The Shambulance is an occasional series in which I try to find the truth about bogus or overhyped health products. Physiologist Steven Swoap is with me at the helm.
If you’ve been tempted by promotions for “colon hydrotherapy”—that is, sessions in which you would pay someone to put a tube up your rectum and wash out your large intestine with water, like a dirty garage being hosed down in summer—then you’ve already overcome some impressive mental hurdles. Maybe you’re almost ready to enjoy the relaxation, renewed energy, and improved health that the procedure promises. Before you take the plunge, as it were, here are a few points to consider.
It’s not the 19th century.
People who offer colon hydrotherapy (also called a colonic) tell you the large intestine is full of “toxic waste and toxins.” It does, of course, carry waste out of your body. But is it a two-way street?
“Intestinal autointoxication,” the idea that poisons from your feces can move backward from your colon into the rest of your body, is an old one. Old as in ancient Egyptian. The Greeks were into it too, including Hippocrates and Galen.
In the 19th century, doctors prescribed laxative pills and enemas to cure all manner of illnesses. One man created and promoted a popular device called the Cascade. As alternative medicine researcher Edzard Ernst describes it, this was a rubber bottle with a nozzle for a person to insert into his or her rectum. When the person then sat on the bottle, it squirted 5 liters of fluid into up into the colon.

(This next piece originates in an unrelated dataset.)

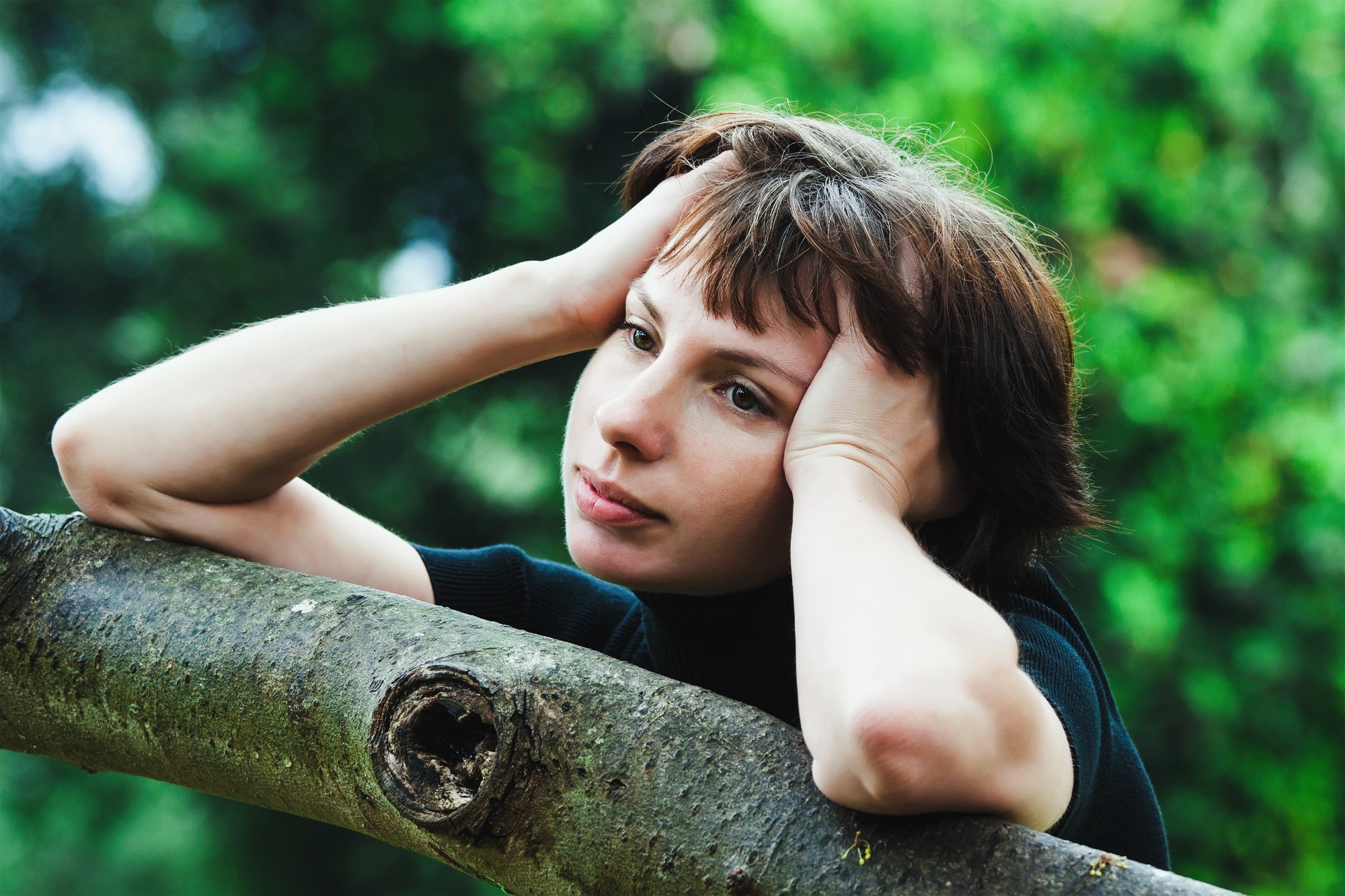 A person with short brown hair is resting their head on their hands, leaning on a tree branch with a contemplative expression. The background is blurred greenery, suggesting a natural outdoor setting.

By the 1920s, though, some actual scientific study had been done on the subject. Unlike the Cascade, the theory of intestinal autointoxication did not hold water.
A toilet is not a gym.
“Having colonics is like taking your colon to the gym,” declares the website for one colon hydrotherapy center. Filling the colon up with water and emptying it again, the theory goes, “exercises” the intestinal muscle so it can do its job better in the future.
“Injecting water into the colon will cause the colon to swell, and cause so-called ‘stretch-activated’ contractions of the smooth muscle surrounding the intestine,” says Williams College physiologist Steven Swoap. These contractions are called peristalsis. “But the colon does this naturally as food stuffs pass through,” he adds. “There is definitely no need to help this along for peristalsis to occur.”
It’s rude to firehose your friends.
In addition to waste, your colon houses a large portion of your body’s friendly bacteria. These gut microbes manufacture several vitamins we need, and seem to be involved in defending us from dangerous microorganisms and generally keeping us healthy.
One study found that cleaning the colon to prepare patients for a colonoscopy—in this case with a straightforward laxative, not with large volumes of pumped-in fluid as in a colonic—immediately altered the types of bacteria in patients’ intestines. Another study found that cleaning out the colon both knocked down the bacterial population there and seemed to make it easier for new, potentially unfriendly bacterial strains to move in.
It might kill you.
“My biggest worry would be perforations caused by the water,” Swoap says. “If abrasions or tears in the colon occur, you have the possibility of a dangerous bacterial infection.” Ironically, one way to make the material in your colon as dangerous as colonic practitioners claim is to blast it with water. Breaking up the feces and creating tiny tears in the colon can turn a one-way street into a two-way hazard.
According to a paper in the Journal of Family Practice, reported complications from colon cleansing include cramping, abdominal pain, vomiting, rectal perforation, blood poisoning, kidney failure, fatal amoebic infection, and fatal accumulation of gas in the veins. Even if such a consequence is rare, Swoap points out, “it is sure not to happen if I don’t let some technician put a hose in my rear.”